Desktop no-POSTs after physically moving it, no USB power.

nickmo94

Distinguished
Nov 29, 2011
32
0
18,540
Hello, I have a homebuilt desktop computer that has, for the second time, been unable to go through POST into BIOS after physically moving it. The first time was after car transportation, this second time was just carrying it down a flight of stairs (carefully, but it was at a slight angle and rocking as I moved). When I brought it up the stairs, it ended up working just fine, but bringing it down screwed it up somehow.

I can't remember how I got it to go through POST the first time I fixed it, but once I got to BIOS I found out that the issue was that the BIOS was reading the hard-drive as SCSI, and a quick change back to SATA fixed the issue. This second time however, no signal is being sent to the display, nor the USB plug-ins. I've already tried resetting the BIOS using the clear CMOS button, and then the manual jumper reset, but neither has got me through POST. I've also unplugged my hard-drive, since that was the issue the first time, but to no avail.

I have Dr. Debug on my computer, and each time I've had a no-POST issue on my computer it cycles through the lower numbers and stalls at 60, which is "DXE core is started", it then briefly goes through the 70's, which are specific to "South Bridge initialization", and then repeats the whole cycle again.

Any tips on how to get my computer to go into BIOS? And why does moving it sometimes cause this? All the cords are still firmly plugged in, and nothing else seems to have been screwed up. The only things that I unplugged when I moved it were the power cord, the HDMI cable, the ethernet cable, and the mouse and keyboard.

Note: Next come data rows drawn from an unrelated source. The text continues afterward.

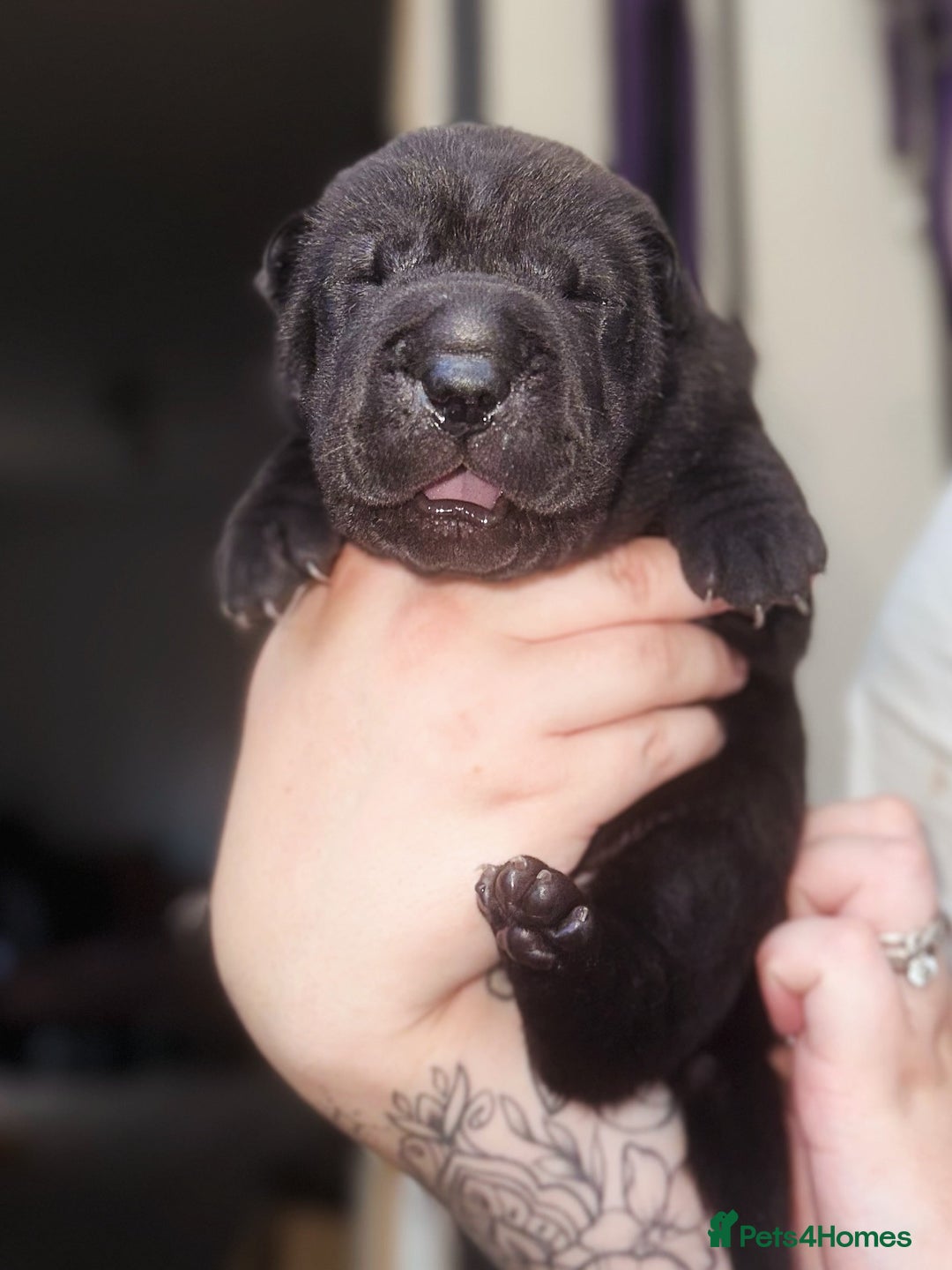 Shar Pei dogs for sale: REDUCED*READYNOW Beautiful bear/brush shar peis  - Image 18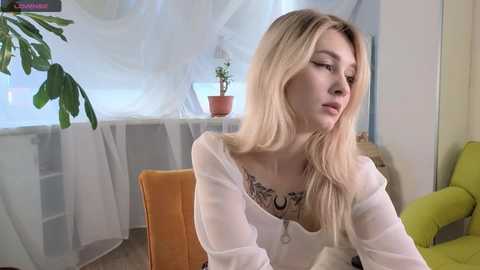 kimhaigg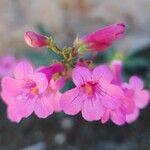 Penstemon parryi फूल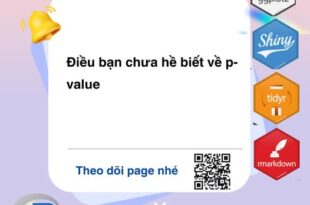 493924224 122129727728744214 6860753121965030460 n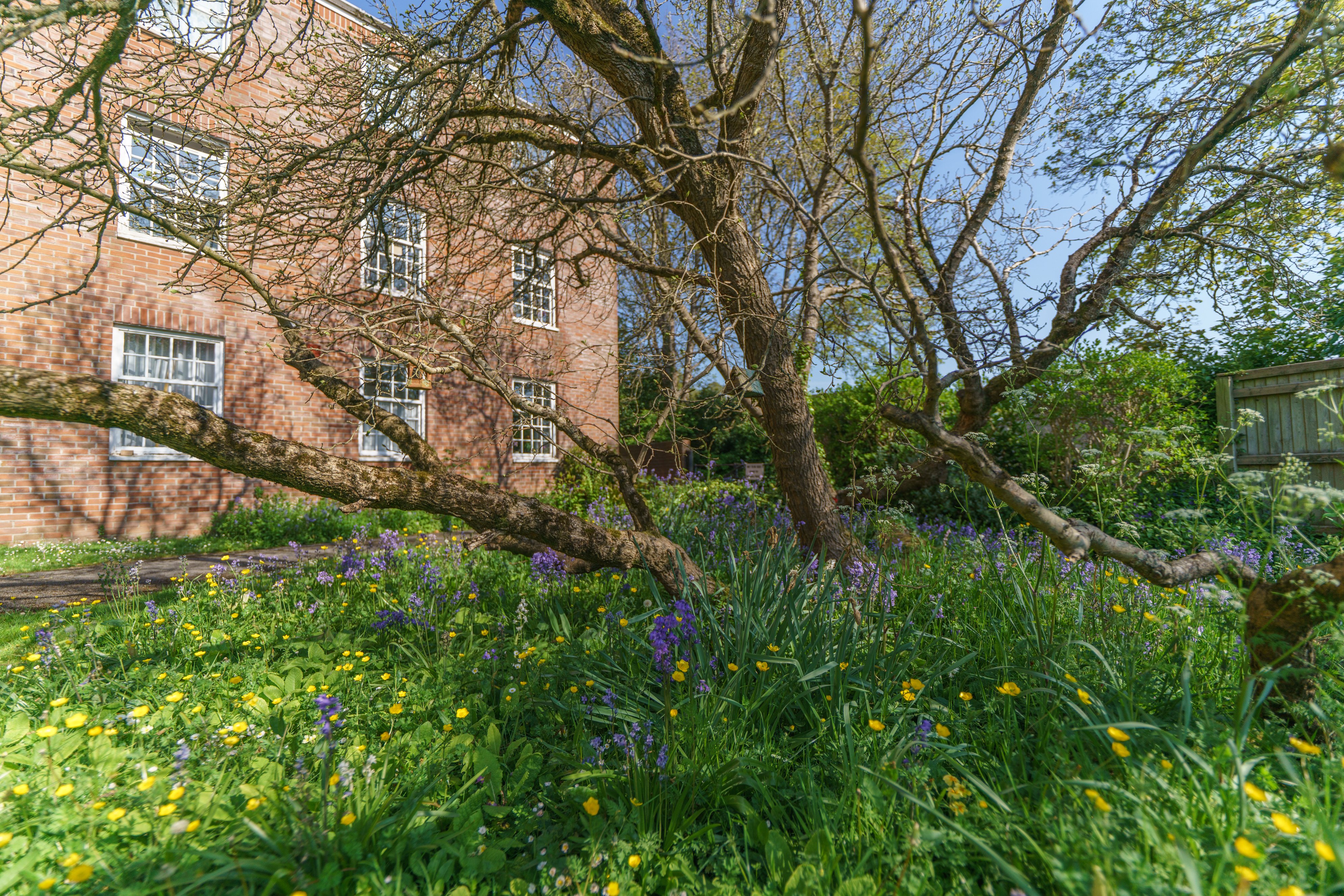 Flowers External The Old Vicarage, Wellington TA21 8RF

As I'll have to move my desktop in the future, I'd like to just have a procedure to address this issue, as I feel it will arise again.

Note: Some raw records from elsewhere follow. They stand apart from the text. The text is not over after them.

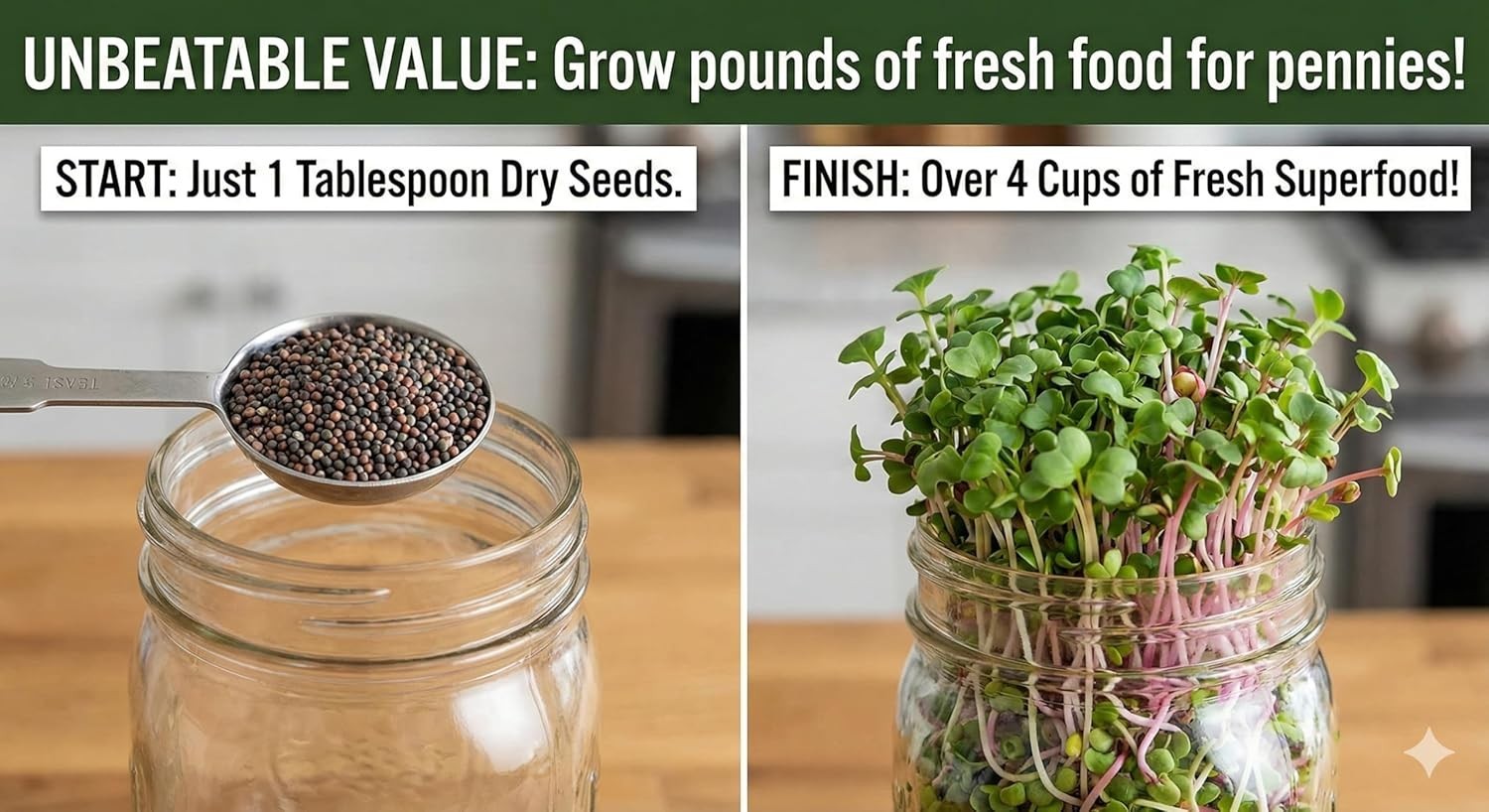 Ultra-Fast Germination Sprouting Seed Mix – Ready to Eat Microgreens in 5 Days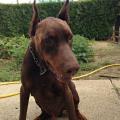 https://fr.holidog.com/ImagesPetSitters/093935E8-B7C5-4805-BB03-BCE713725218_square_120.jpg 69508-1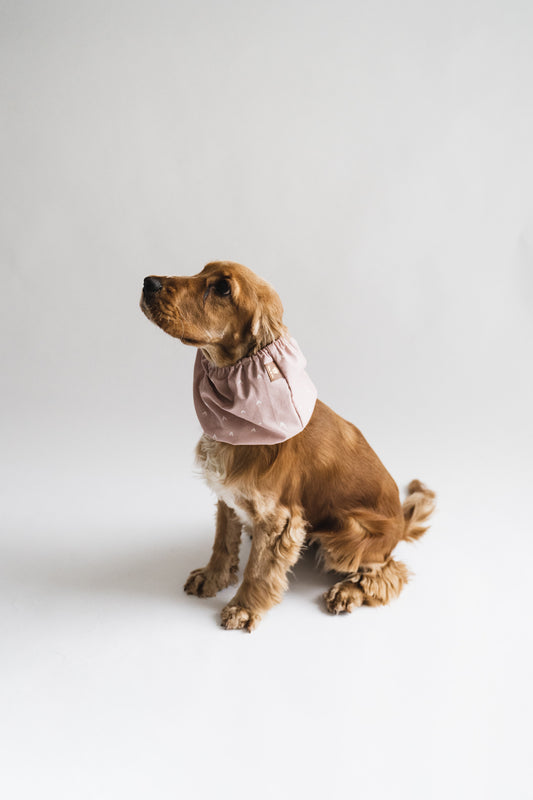 Dog Snood Dusty Pink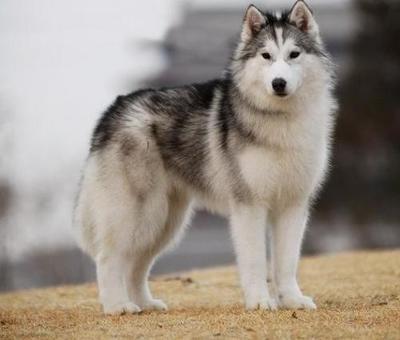 孕期养宠物注意事项,孕期养宠物需要注意什么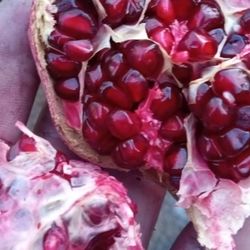 Pomegranite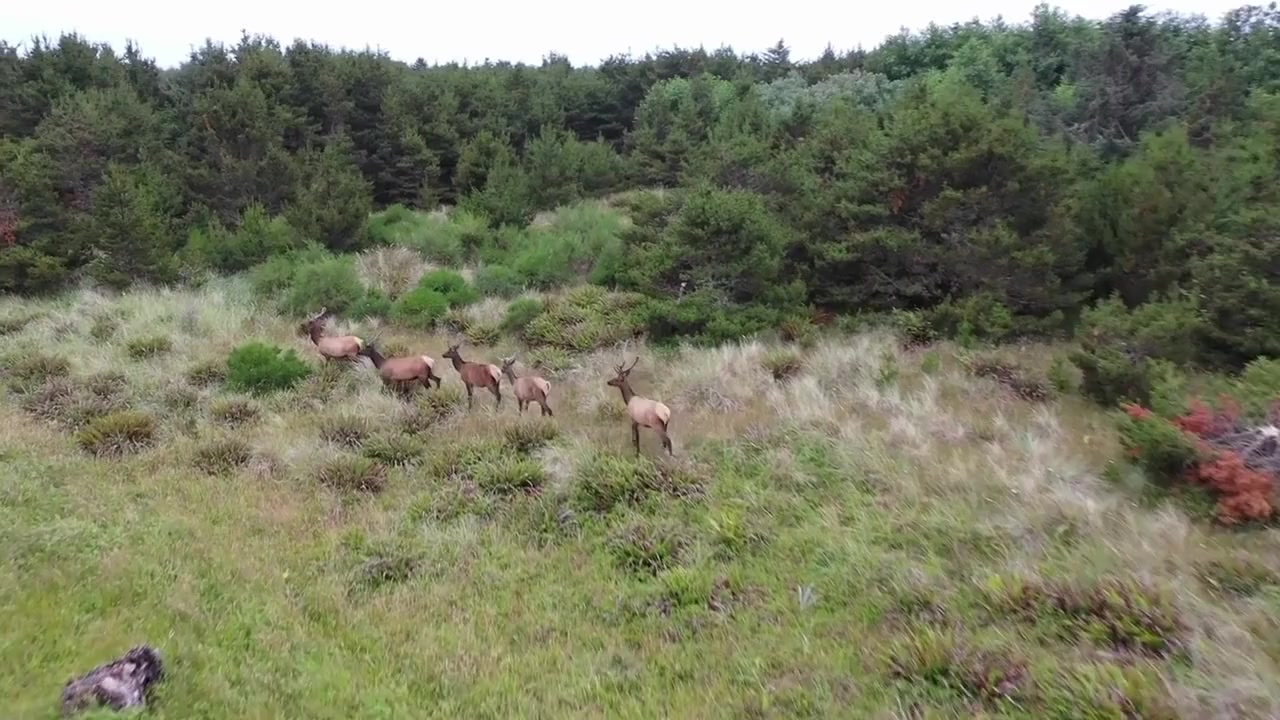 Elk Country screenshot 1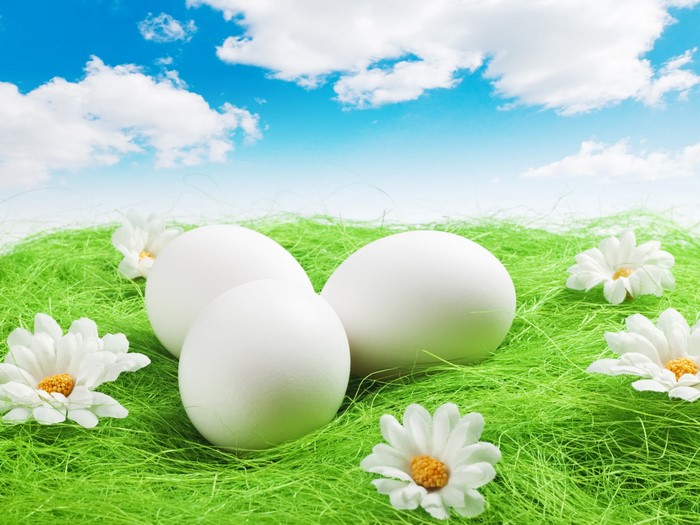 Easter Eggs and Camomiles on Green Grass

I could list all my computer specs, but I think that only the motherboard is relevant, ASRock Z68 Extreme3 Gen3. My Desktop has been running fine for 10 months aside from this issue, having blue-screened only about four times total.

Thank you for any help,

—Nicholas
 

nickmo94

Distinguished
Nov 29, 2011
32
0
18,540
Managed to solve it by removing every external device from my desktop (graphics card, wireless card, hard drive, one stick of RAM, although that was likely unnecessary), and that got me into the boot screen with USB devices working. From there I went into the storage device settings and changed IDE to AHCI under the hard-drive. This turned out to be a mistake, and I booted into windows only to immediately blue screen. Startup repair took forever and couldn't solve the problem. I looked up that going from IDE to AHCI causes crash issues, and I had not realized that my HDD was set for IDE, so I unplugged it again, went back into BIOS, and switched back to IDE. That managed to get me to a proper boot into windows. Finally I just put everything back in, and it's working now. Weird... Anyways, as always, removing everything seems to be a good solution, as annoying as it is.